CONDE NAST, OCTOBER 16, 2017
Bourdain sits down for a traditional Hausa lunch in Lagos. (CNN)
Bourdain has his mind blown by the biggest city in Nigeria.
Every Sunday, we live vicariously through Anthony Bourdain's globe-hopping, face-stuffing adventures on CNN showParts Unknown. This week, he takes us to Lagos, Nigeria, a complex city filled with hustling entrepreneurs and a budding IT industry: a place where you "buy, sell, trade, hustle and claw," says Bourdain. "Make your own way, any way you can."
Where in the world is Anthony Bourdain?
Lagos, the biggest city in Nigeria, and it's a madcap open market: Street shops have unregulated pricing and haggling, supervised by "Area Boys" who collect taxes (one way or another). This climate, locals tell Bourdain, allows anyone the opportunity to build from scratch. The wealthiest moguls inhabit Victoria Island, the "Manhattan" of Lagos, filled with vibrant nightclubs and partygoers. Everyone has about "five or six different side hustles"—Banky Wellington, whom Bourdain met for drinks at Rue 80, is a record label owner, actor/director, artist, advertiser, and chef-in-training. Between flashes of club footage and the marketplaces, Wellington and club owner Shina Peller explain the "do it yourself!" culture that fuels Lagos.

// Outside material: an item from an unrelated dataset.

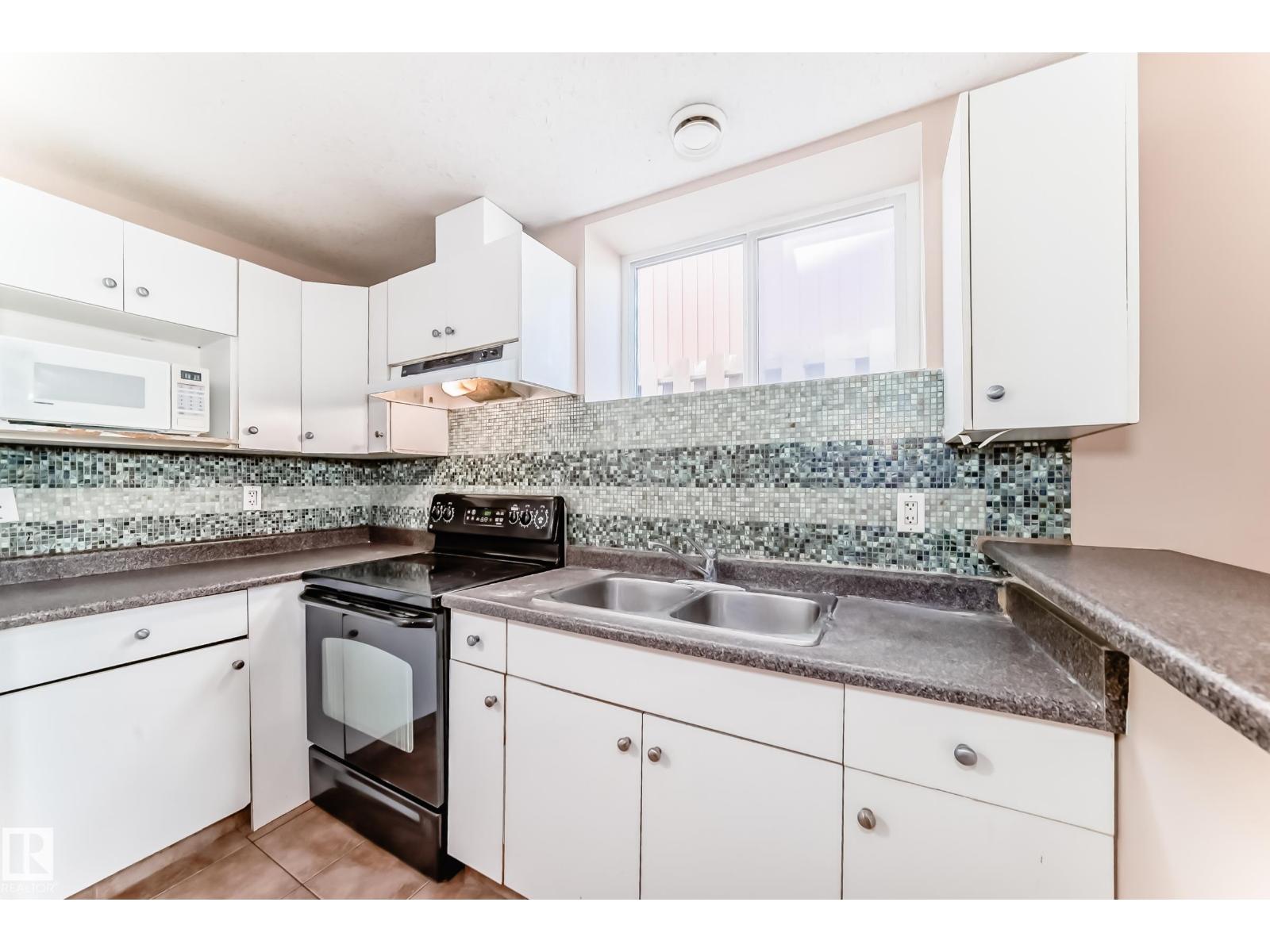 9825 156 ST NW - 41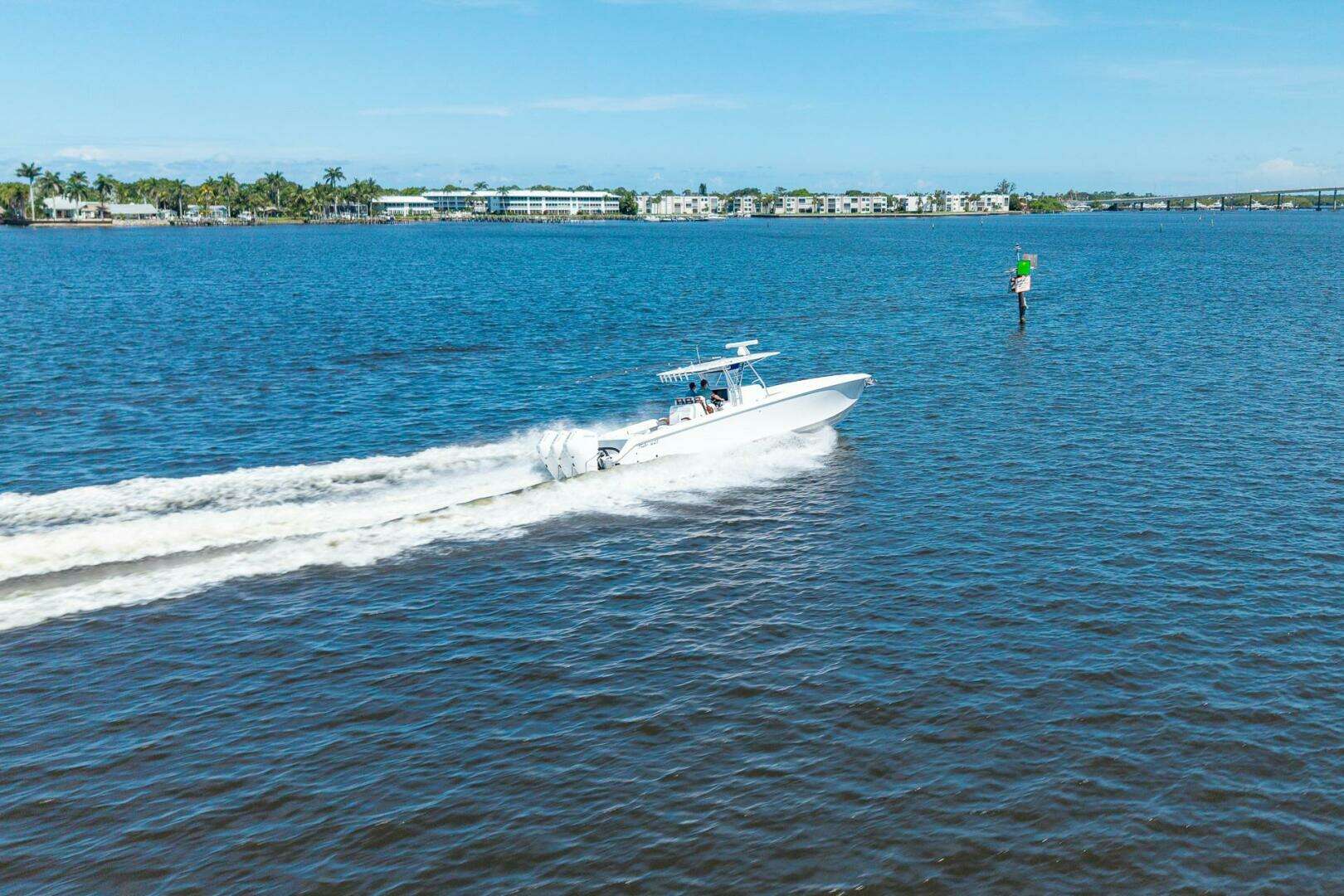 2024 Bahama 41 - Image 20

Victoria Island, or "the garden of dreams," as locals call it, is in stark contrast to nearby Makoko. Per the show, nearly 100,000 people live in the floating village, propped up by stilts and unfailing optimism. Makoko is self-sufficient and self-policing: There's electricity, hotels, schools, and restaurants fully independent of the mainland. As Bourdain gets ferried through the waterways, we see children playing soccer in an elevated schoolyard, and women haggling for groceries at one of the markets. Eviction threats constantly loom, but the people fight back with a famous Lagos spirit, constantly emphasized throughout the episode. And with mainland computer science companies like Andela working hard to create more jobs, there may be more opportunity in the city's future.
More importantly: What did he eat?
Unsurprisingly, a little bit of everything, from traditional Hausa tribe dishes like masa griddlecakes to brews with Femi, Seun, and Yeni Kuti, the children of famous singer Fela Kuti. In Makoko, Bourdain sampled a home-cooked meal while he talked with activist Edoato Agbeniyi and Yomi Messou, son a neighborhood leader. On the mainland, he felt the burn while he feasted on pepper soup with journalist Kadaria Ahmed—"It burns. It burns real good." Other Nigerian eats included pounded yams (Nigeria's signature starch), Jollof rice, and Egusi soup, stewed with goat meat, melon seeds, fish stock, and chilis. As food blogger Iquo Ukoh noted, an increasing amount of Nigerians are entering the workforce, so fewer have time for the labor-intensive traditional recipes. But thanks to blogs, classic dishes like Jollof rice live on for people all over the world to enjoy.
Quote of the Week
Bourdain sums up his time in Lagos: “It’s mad, it’s bad, it’s delicious, it’s confusing, and I’ve never seen anything like it.” This is coming from the guy who once ate a still-beating cobra heart.
WTF Moment of the Week
While dining with some food bloggers, Bourdain gets called out for pouring his beer without tipping his glass(we too were scandalized). To which he cheekily replied, "I'm lazy," and joked that one of the bloggers would write that he was an "animal at the table."